Le canal minéral relie maintenant le ventre et le monde, pour la transfusion peut-
être...
On est là, sur la plage, devant la mer, et au même instant, on est dans la plage
et dans la mer. Cela s’est fait sans mots d’aucune sorte, sans attente. On n’a rien
désiré vraiment. Cela s’est fait, c’est tout. Musique pour tuer les mots, pour aller
plus vite que les mots. Musique qui n’est pas pour comprendre, mais frénésie
dure et sur-consciente, et d’un seul coup, on voit, on entend, on sent, on connaît
le dessin de l’univers. Musique qui va en un éclair au-delà de la société. Les
histoires, les plans, les cartes, pour quoi faire ? Il n’y a plus d’individus, plus de
domination, plus de questions ni de réponses. Dialogue brisé. Le cerveau est au-
dehors. c’est cela, c’est terrible et beau, le cerveau est vivant au-dehors. Les
dessins inventés, les signes, les arabesques, les déguisements, on les voit, à
présent. Le bruit les a éclairés comme un regard, et ils apparaissent sur les galets,
sur la mer, dans la lumière solaire. C’est une explosion qui dure très longtemps,
qui n’en finit pas. Le souffle de la déflagration est pareil à un vent qui ne cesse
pas. L’étoile de flamme qui s’agrandit, écartant ses rayons vers les bords de
l’espace, ne s’efface pas ; au contraire, elle grandit sur place, à chaque seconde
plus grande, à chaque seconde plus dense, et pourtant, elle a toujours été là, elle
n’a jamais été petite : enfin, on ne connaît plus le temps à l’envers.
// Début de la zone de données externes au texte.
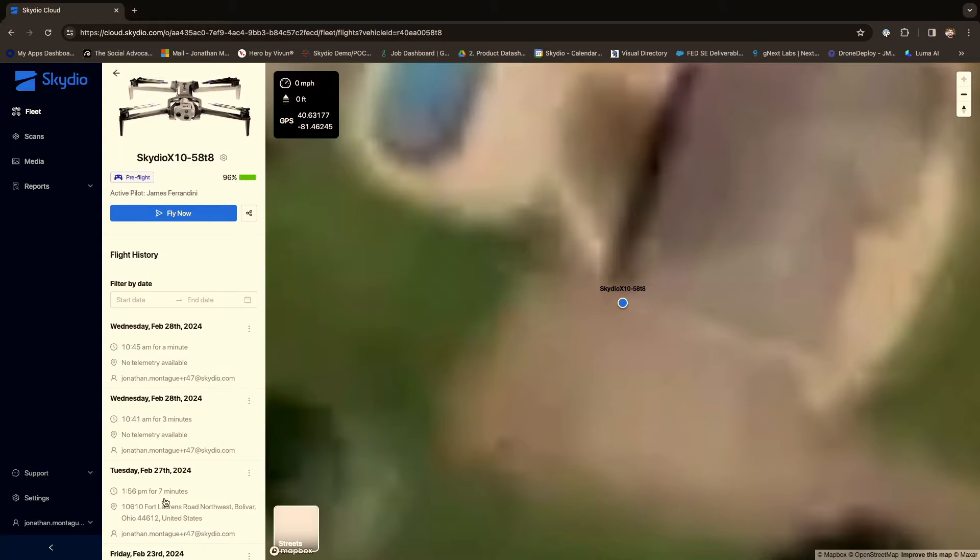I'm playing the role of base operations here. We are roughly 265 miles away from where the drone actually is. I know there's an organic asset in the vicinity, and we're going to provide some search and rescue using it.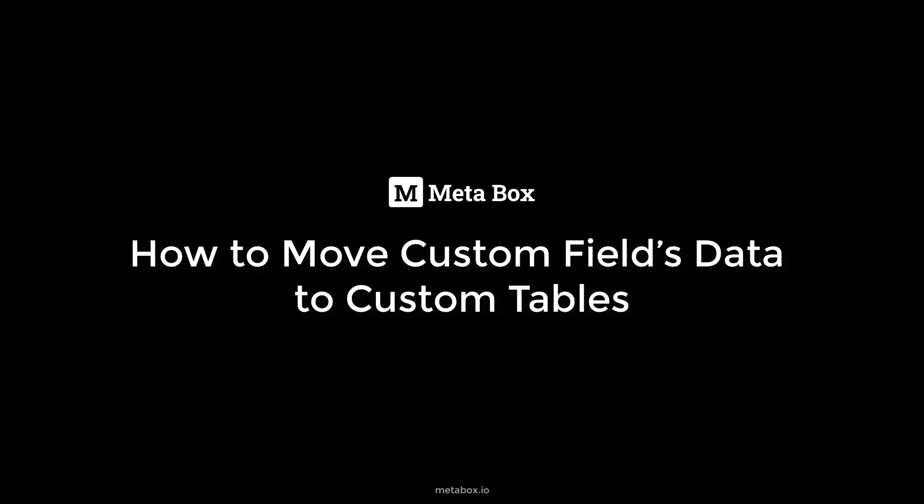Hi guys, welcome back to Meta Box tutorial. Today we're going to move custom fields data to a custom table. But first, you may wonder why we need to do that, so let me explain it to you.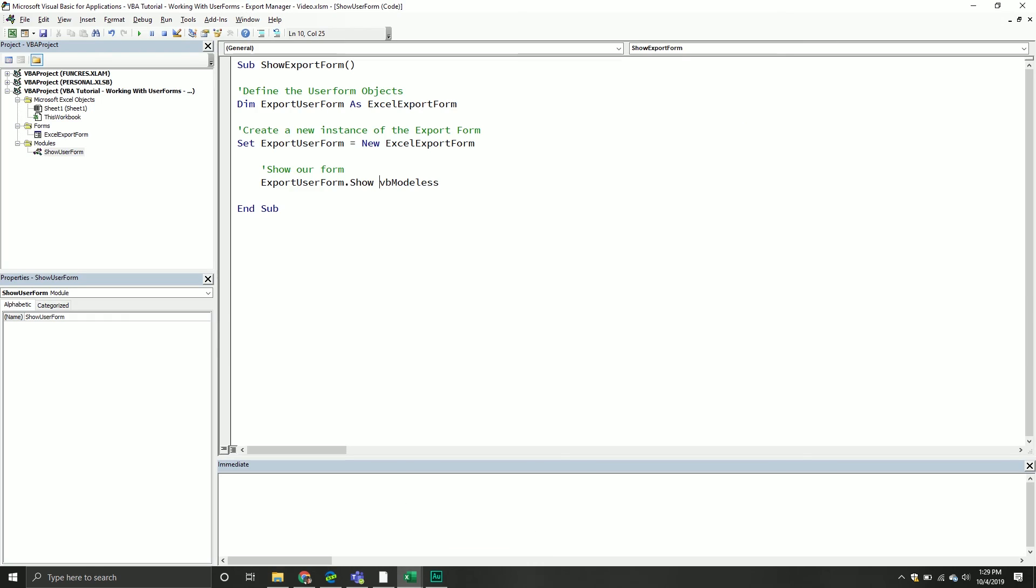What we're going to do in the next video is we're going to actually start adding some of the functionality to our form. Really, the first thing that we're going to do is I want to be able to populate the user form when we show it. We want to be able to populate those combo boxes with the objects inside our particular Excel workbook. So that's what we're going to cover in the next video. At this point, if you have any questions about designing your user form, what kind of control maybe you should be using, or just things along that nature, feel free to put them down in the comments below. As always, I'll try to get back to you.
Les cris des crapauds, dans la nuit. ne cessent pas. Ils montent, séparés, puis
unis, impossibles à distinguer les uns des autres, graves, aigus, faibles, puissants,
ils s’additionnent sans qu’on puisse voir les gorges d’où ils sortent ; ils gonflent
la nuit noire, la remplissent complètement, excluent tous les autres bruits. Il n’y
a plus qu’eux. Les langages, les froissements des feuilles, les gouttes d’eau, les
respirations, les bruissements des insectes, plus rien n’existe. Langage total
enfin, puisqu’il n’exprime rien, seulement un appel, un désir, la vie transformée
en bruit. Colonnes d’orgues serrées les unes contre les autres, chacune lançant
son bruit raide, hors du souffle, hors des phrases, hors du rythme du cœur ou des
mouvements des bronches. Le concert hésite, grandit, multiplie ses klaxons, ses
sirènes. La nuit est tellement pleine de cris qu’elle semble matérielle, air de
pierre, eau de pierre, odeurs de pierre. Les crapauds gonflent et dégonflent leurs
goitres, invisibles, lointains, et leurs cris jaillissent de tous les côtés à la fois.
Comme si chaque homme, chaque bête, chaque arbre portait un crapaud au fond
de soi, comme si le langage n’était fait que des cris des crapauds, comme si les
arbres étaient enveloppés dans des peaux de crapauds, les yeux et les bouches
étaient des yeux et des bouches de crapauds.
Cris insistants, cris magiques, qui démolissent la peur, qui démolissent la
mort. Les crapauds sont partout, ils se sont répandus dans le monde, dans la nuit,
seulement pour crier. Ils ne bougent pas. Ils n’apparaissent pas. Ils vivent, ils ne
meurent pas : les cris se croisent, se troublent, s’unissent, cent, trois cents, dix
mille. Combien sont-ils ? Ils ne sont que par leurs gorges qui s’enflent et se
vident, inlassablement. Ivresse glacée, qui n’est pas dans leurs corps, ni dans
leurs cerveaux, mais dans leurs voix, ivresse qui paralyse le monde de son bruit.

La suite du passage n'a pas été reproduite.